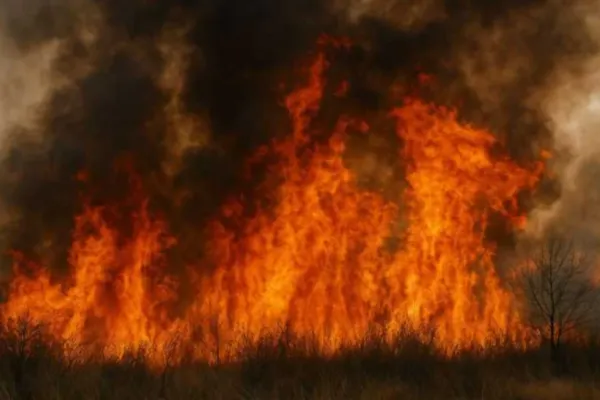 Numărul incendiilor de vegetație uscată aproape s-a triplat față de anul trecut. Majoritatea focarelor au fost provocate intenţionat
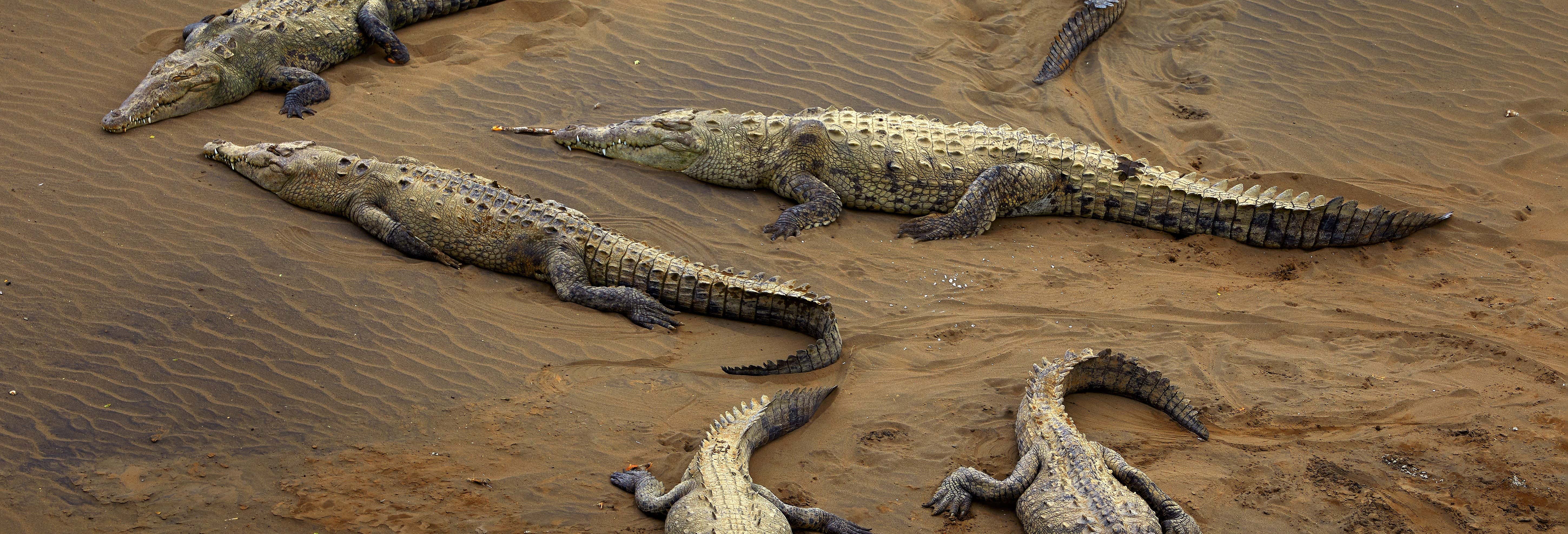 Avistamiento de cocodrilos en el río Tárcoles desde San José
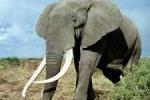 الفيل (عائلة Elephantidae)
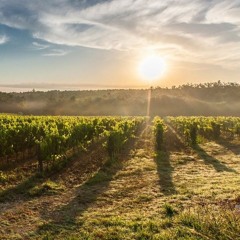 Septuagesima: Staunen über Gottes Güte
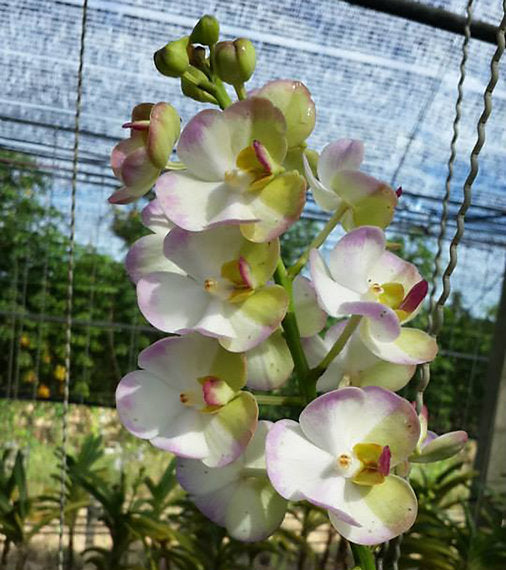 Prebook BULK - 80 Stems WHITE Ascocenda Orchid MINI VANDA Fresh Cut Flowers (NO VASE)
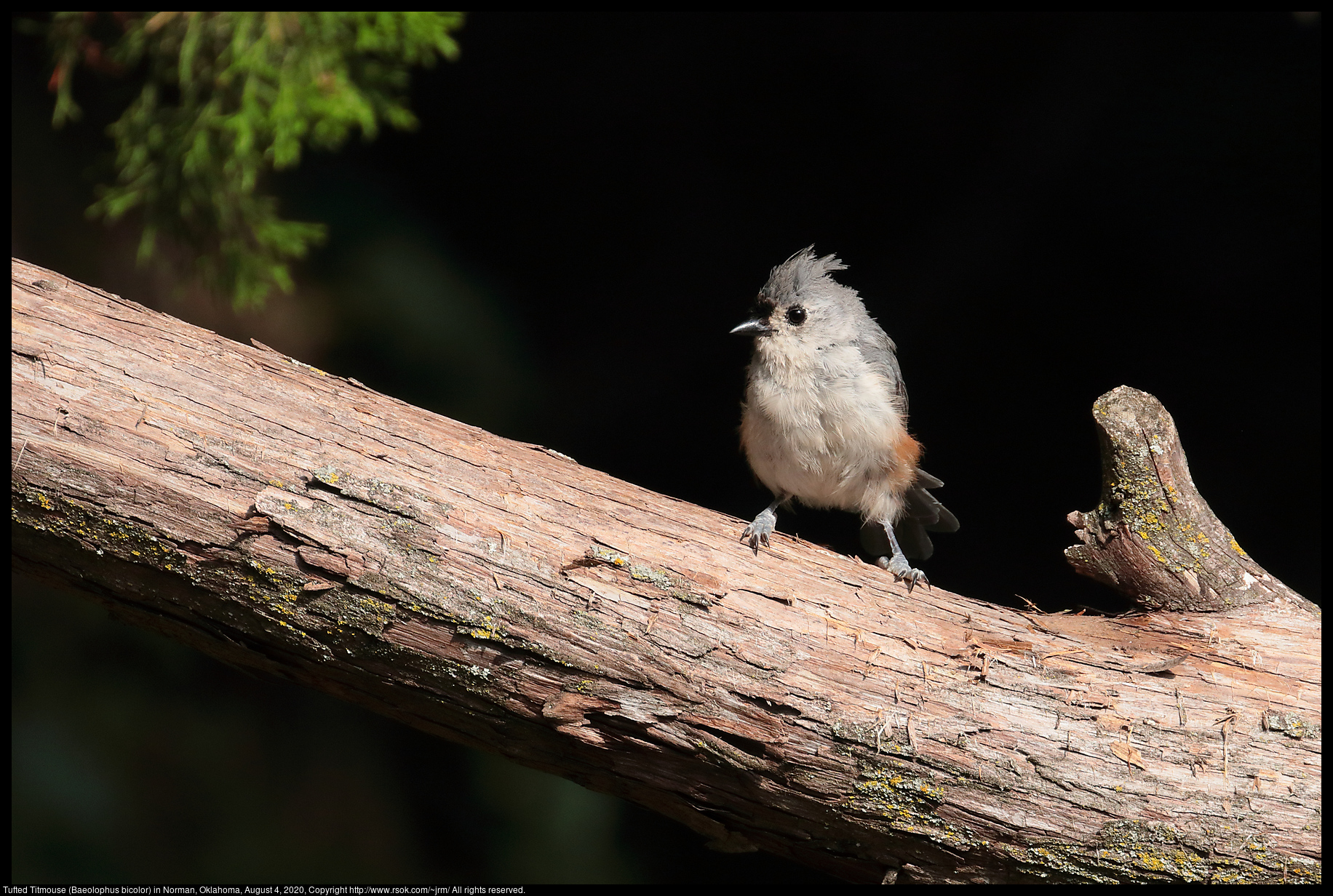 Tufted Titmouse (Baeolophus bicolor) in Norman, Oklahoma, August 4, 2020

Directions for this task >> Leave out the pictures, and extract exactly the lines from the one with "الفيل (عائلة Elephantidae)" through the end of the records, both ends included.

Written solution >>
 الفيل (عائلة Elephantidae)
 Septuagesima: Staunen über Gottes Güte
 Prebook BULK - 80 Stems WHITE Ascocenda Orchid MINI VANDA Fresh Cut Flowers (NO VASE)
 Tufted Titmouse (Baeolophus bicolor) in Norman, Oklahoma, August 4, 2020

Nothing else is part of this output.